Petting farm animals and shooting arrows, modern El Pasoans Sunday remembered a story that began more than four hundred years ago.

Spanish Conquistador Don Juan de Oñate’s expedition reached what would be El Paso in 1598, after months of travel. Running low on supplies, they met the Manso natives.

“They took what was at that point what was a very bedraggled and hungry and thirsty group of people and they helped them to fish, catch wild duck, wild birds,” said Daniel Fresquez, with the El Paso Mission Trail Association.

After days of recovery, on April 30, the Catholic day of Ascension, the Spaniards and had the first European-Amerindian Thanksgiving.

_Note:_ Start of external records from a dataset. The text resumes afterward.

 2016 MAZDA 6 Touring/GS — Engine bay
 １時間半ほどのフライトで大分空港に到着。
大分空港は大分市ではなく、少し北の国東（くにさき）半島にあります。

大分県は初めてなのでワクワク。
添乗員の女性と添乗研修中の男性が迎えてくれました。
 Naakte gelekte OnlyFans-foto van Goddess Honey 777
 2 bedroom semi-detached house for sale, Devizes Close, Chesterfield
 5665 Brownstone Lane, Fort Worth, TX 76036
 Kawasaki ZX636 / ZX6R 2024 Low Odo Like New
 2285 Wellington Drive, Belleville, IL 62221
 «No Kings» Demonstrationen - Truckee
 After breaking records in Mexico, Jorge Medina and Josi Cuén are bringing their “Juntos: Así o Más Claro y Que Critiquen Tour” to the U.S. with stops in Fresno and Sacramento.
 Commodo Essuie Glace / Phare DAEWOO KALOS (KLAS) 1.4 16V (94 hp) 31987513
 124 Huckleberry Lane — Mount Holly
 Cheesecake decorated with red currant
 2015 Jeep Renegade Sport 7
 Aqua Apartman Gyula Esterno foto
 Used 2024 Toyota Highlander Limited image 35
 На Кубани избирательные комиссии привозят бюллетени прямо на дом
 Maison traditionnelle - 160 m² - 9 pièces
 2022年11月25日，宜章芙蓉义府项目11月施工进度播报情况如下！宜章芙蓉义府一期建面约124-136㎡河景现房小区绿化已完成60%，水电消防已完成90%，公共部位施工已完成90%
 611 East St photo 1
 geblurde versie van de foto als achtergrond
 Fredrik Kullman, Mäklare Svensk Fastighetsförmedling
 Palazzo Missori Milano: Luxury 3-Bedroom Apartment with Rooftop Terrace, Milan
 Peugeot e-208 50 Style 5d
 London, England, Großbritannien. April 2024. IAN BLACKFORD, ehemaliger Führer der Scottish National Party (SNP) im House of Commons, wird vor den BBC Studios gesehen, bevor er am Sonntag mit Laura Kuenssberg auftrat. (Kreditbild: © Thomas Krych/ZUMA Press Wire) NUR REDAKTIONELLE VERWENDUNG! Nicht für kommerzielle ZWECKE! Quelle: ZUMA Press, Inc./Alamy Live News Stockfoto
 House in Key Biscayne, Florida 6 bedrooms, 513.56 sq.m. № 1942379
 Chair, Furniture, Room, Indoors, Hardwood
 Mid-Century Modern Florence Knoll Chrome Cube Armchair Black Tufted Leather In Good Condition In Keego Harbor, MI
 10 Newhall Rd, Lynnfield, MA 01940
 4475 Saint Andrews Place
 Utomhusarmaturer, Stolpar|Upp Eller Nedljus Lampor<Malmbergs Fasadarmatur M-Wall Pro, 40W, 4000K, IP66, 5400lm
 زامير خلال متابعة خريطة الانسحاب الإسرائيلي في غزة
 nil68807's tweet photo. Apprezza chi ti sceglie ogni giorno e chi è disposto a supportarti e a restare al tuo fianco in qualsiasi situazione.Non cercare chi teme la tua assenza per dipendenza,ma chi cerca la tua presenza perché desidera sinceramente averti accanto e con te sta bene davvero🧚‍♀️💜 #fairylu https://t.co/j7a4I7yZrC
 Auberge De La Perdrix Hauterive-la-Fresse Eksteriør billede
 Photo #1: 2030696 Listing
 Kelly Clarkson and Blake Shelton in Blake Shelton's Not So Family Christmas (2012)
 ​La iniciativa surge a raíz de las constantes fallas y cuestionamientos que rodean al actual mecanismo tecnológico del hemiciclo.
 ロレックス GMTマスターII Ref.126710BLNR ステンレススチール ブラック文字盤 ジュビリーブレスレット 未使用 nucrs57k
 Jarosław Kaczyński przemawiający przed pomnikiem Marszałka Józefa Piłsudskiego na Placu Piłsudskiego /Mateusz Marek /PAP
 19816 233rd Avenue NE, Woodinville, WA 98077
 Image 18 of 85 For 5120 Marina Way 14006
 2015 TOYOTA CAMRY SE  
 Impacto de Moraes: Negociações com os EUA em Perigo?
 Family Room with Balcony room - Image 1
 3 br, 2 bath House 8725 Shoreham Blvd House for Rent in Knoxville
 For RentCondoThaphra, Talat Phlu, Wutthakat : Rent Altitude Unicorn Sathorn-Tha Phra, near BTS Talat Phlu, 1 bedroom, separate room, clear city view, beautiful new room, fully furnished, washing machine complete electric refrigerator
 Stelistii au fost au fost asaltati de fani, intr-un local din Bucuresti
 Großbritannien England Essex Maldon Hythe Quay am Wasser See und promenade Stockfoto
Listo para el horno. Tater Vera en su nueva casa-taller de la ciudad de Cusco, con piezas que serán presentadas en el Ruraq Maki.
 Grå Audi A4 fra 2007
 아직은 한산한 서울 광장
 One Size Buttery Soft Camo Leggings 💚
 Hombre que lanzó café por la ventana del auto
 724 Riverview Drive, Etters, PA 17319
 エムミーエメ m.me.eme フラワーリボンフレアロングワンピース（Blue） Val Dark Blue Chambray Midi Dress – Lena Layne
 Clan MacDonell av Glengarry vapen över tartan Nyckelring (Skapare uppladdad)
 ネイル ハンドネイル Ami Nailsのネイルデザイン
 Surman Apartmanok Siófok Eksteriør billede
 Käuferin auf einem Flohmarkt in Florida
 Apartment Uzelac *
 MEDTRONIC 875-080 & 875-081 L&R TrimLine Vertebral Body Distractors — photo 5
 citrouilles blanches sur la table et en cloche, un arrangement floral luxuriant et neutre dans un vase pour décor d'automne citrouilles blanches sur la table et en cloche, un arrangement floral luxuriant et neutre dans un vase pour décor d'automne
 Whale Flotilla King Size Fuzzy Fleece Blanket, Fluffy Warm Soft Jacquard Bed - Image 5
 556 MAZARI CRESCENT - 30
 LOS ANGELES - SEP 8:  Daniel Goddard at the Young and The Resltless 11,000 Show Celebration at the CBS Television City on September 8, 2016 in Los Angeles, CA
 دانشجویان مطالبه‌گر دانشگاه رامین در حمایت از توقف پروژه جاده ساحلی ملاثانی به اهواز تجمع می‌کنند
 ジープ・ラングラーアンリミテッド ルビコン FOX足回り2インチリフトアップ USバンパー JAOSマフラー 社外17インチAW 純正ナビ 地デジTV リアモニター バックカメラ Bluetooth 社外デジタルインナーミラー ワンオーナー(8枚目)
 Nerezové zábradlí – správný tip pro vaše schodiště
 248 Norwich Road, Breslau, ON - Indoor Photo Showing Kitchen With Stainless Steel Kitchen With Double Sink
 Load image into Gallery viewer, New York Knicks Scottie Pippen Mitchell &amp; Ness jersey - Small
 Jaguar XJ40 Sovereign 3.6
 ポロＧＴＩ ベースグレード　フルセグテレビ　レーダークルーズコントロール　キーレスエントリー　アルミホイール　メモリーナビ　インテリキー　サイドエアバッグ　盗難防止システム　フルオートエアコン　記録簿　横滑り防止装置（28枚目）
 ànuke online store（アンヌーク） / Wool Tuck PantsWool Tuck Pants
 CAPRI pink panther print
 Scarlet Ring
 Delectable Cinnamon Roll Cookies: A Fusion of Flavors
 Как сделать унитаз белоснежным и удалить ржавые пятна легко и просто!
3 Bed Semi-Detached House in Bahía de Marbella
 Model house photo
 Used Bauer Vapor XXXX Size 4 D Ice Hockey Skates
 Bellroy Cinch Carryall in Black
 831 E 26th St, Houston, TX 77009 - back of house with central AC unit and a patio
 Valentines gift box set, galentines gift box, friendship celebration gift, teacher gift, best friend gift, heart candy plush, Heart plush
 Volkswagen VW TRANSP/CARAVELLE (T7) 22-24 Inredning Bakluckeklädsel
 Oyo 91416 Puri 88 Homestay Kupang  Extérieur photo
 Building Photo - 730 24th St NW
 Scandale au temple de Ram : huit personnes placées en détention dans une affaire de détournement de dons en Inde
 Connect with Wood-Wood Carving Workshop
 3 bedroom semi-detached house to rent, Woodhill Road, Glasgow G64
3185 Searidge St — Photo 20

“They had a feast, a Mass, and they had a formal reading of the taking,” Fresquez said.

That’s when Oñate claimed the lands of the Rio Grande as property of the Spanish Empire, but the Manso reaction to the conquest isn’t recorded.

“Being an actually very primitive tribe, they were probably overawed by the arrival of people on horseback,” Fresquez explained.

The Spanish would go on to conquer the lands of West Texas and New Mexico, moving on from that first thanksgiving day held right on the banks of the Rio Grande. The borderland natives being used to build these same missions, where now the story of the first Thanksgiving is retold every year.